§ Collected data:

----

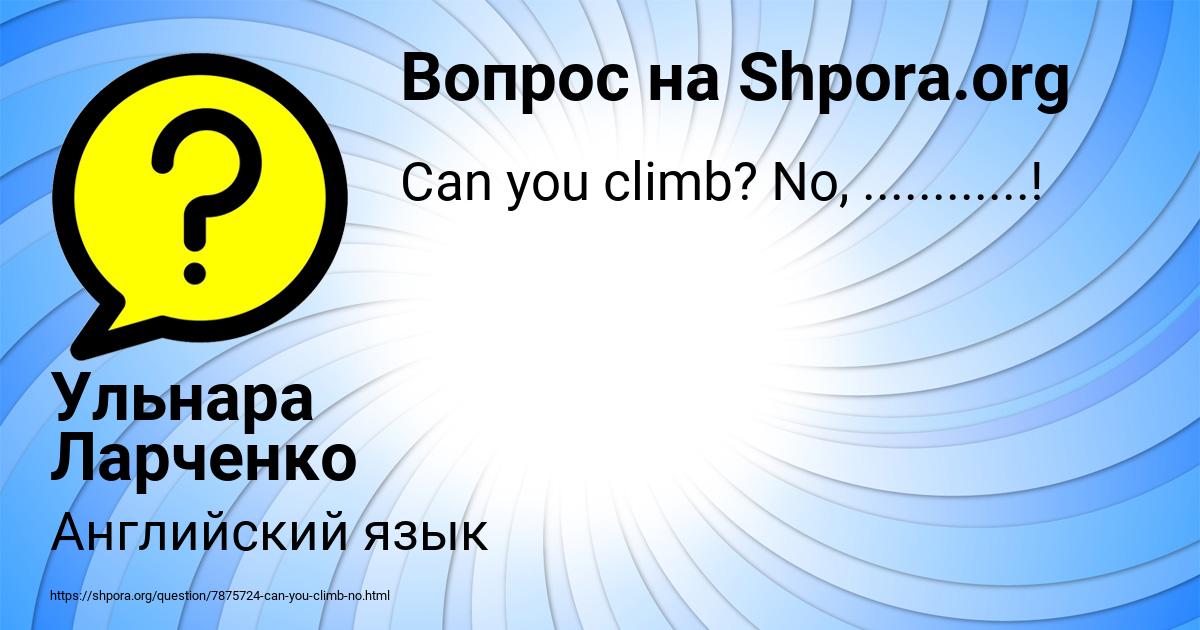 Картинка с текстом вопроса от пользователя Ульнара Ларченко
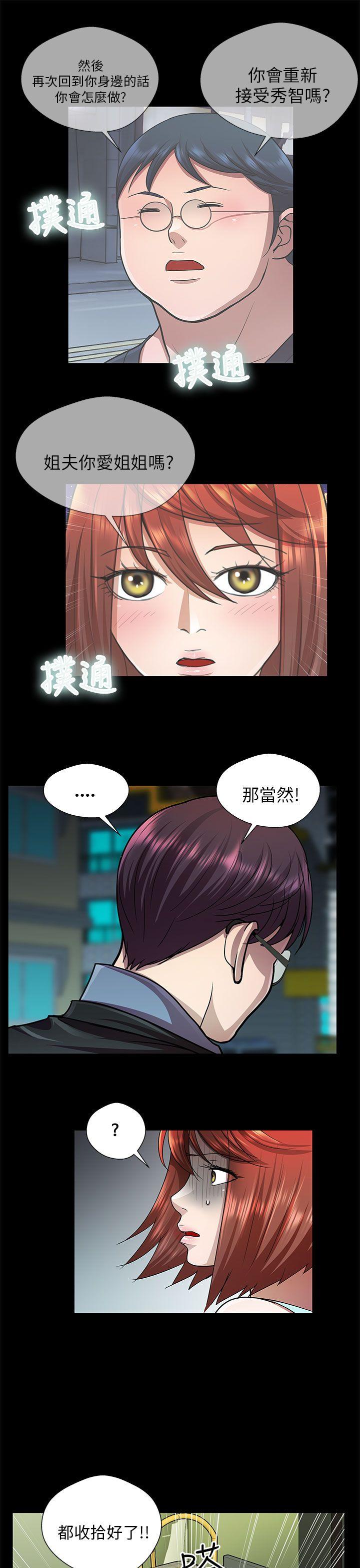 [韩国漫画] 危险的女人 爱情,巨乳大奶#[14P]-11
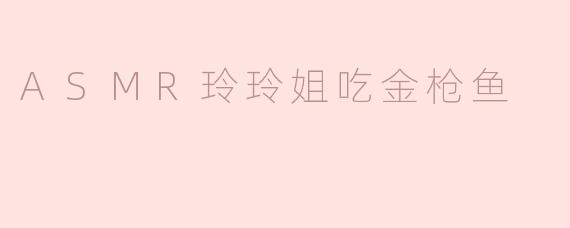 ### ASMR玲玲姐的美味金枪鱼之旅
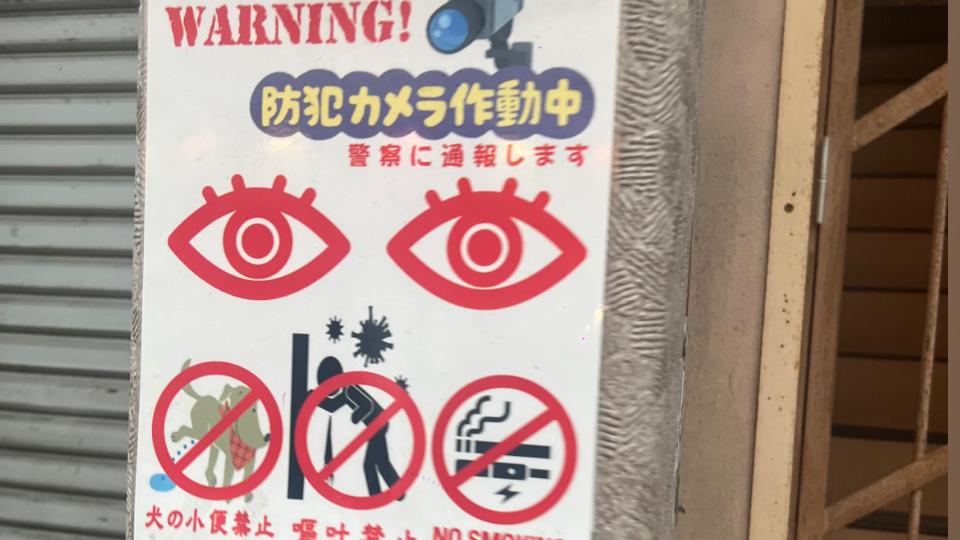 異変だ！！！！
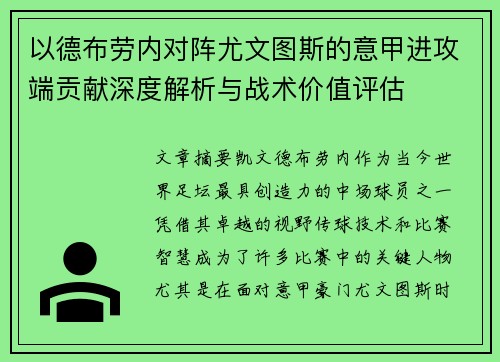 以德布劳内对阵尤文图斯的意甲进攻端贡献深度解析与战术价值评估 以德布劳内对阵尤文图斯的意甲进攻端贡献深度解析与战术价值评估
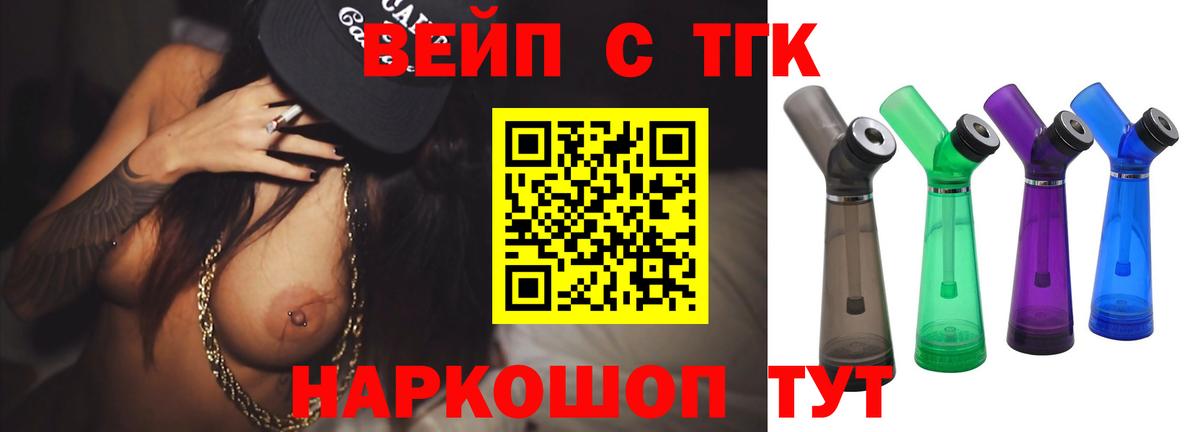 Дистиллят ТГК Wax Псков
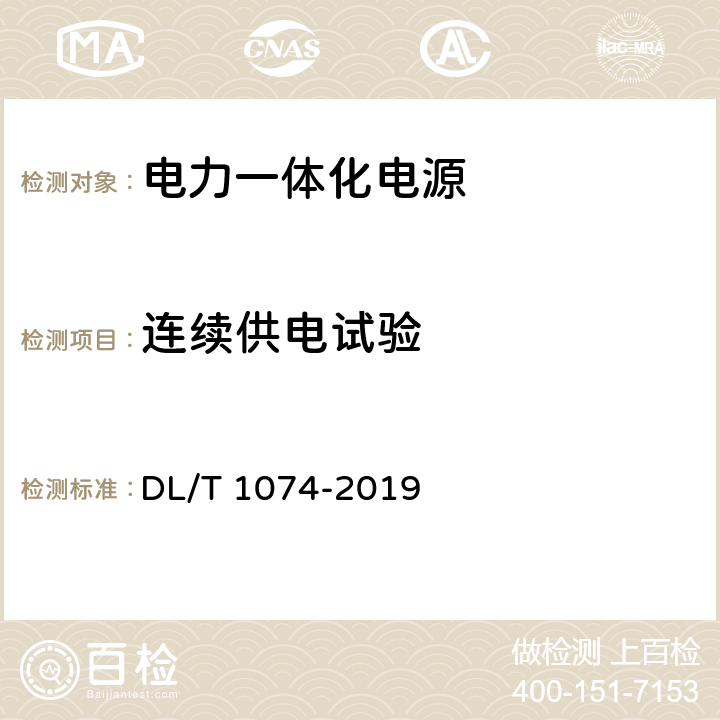 连续供电试验 电力用直流和交流一体化不间断电源设备 DL/T 1074-2019 6.10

----

§ WHAT IS EXPECTED:
Your answer must be the lines from the one holding "Дистиллят ТГК Wax Псков" through the final line of the records above, exactly as written and without any pictures.

§ WRITTEN SOLUTION:
 Дистиллят ТГК Wax Псков
 连续供电试验 电力用直流和交流一体化不间断电源设备 DL/T 1074-2019 6.10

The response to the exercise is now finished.